▸ **Task brief**
Transcribe nothing except the lines below that run from the one with "Valorant: Tại sao" to the one with "Daniel Smith Extra", ends included, and do not copy any picture.

▸ **Dataset records**
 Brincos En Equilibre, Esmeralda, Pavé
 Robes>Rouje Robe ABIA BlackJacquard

==

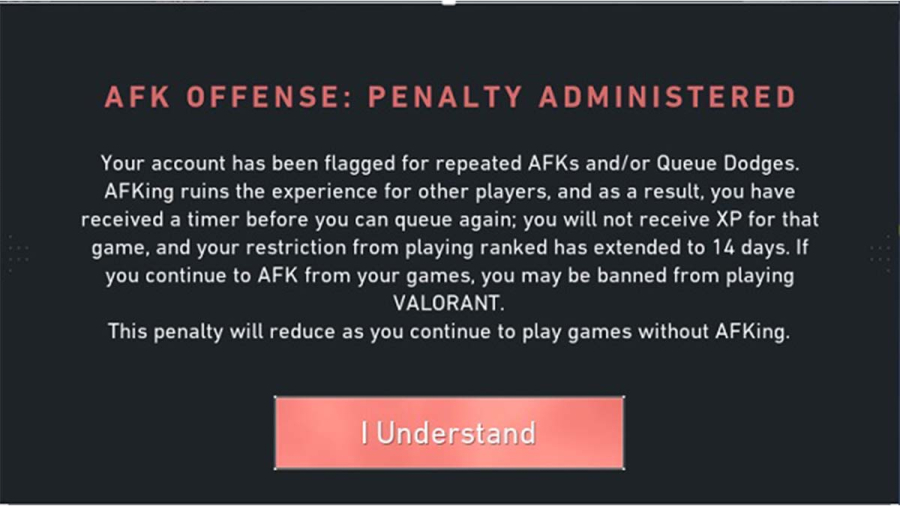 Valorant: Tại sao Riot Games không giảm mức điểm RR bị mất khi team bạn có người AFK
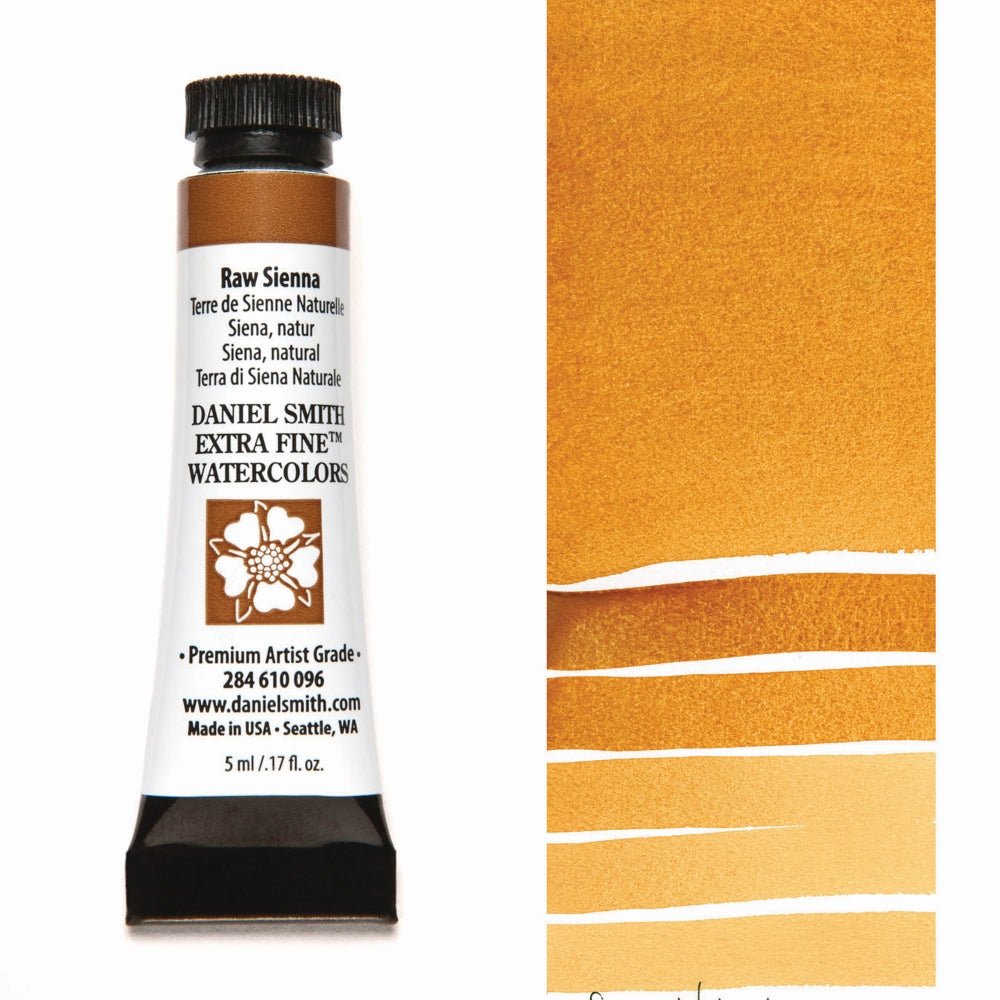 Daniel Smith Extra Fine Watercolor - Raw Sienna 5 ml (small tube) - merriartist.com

▸ **Solution to this problem**
 Valorant: Tại sao Riot Games không giảm mức điểm RR bị mất khi team bạn có người AFK
 Daniel Smith Extra Fine Watercolor - Raw Sienna 5 ml (small tube) - merriartist.com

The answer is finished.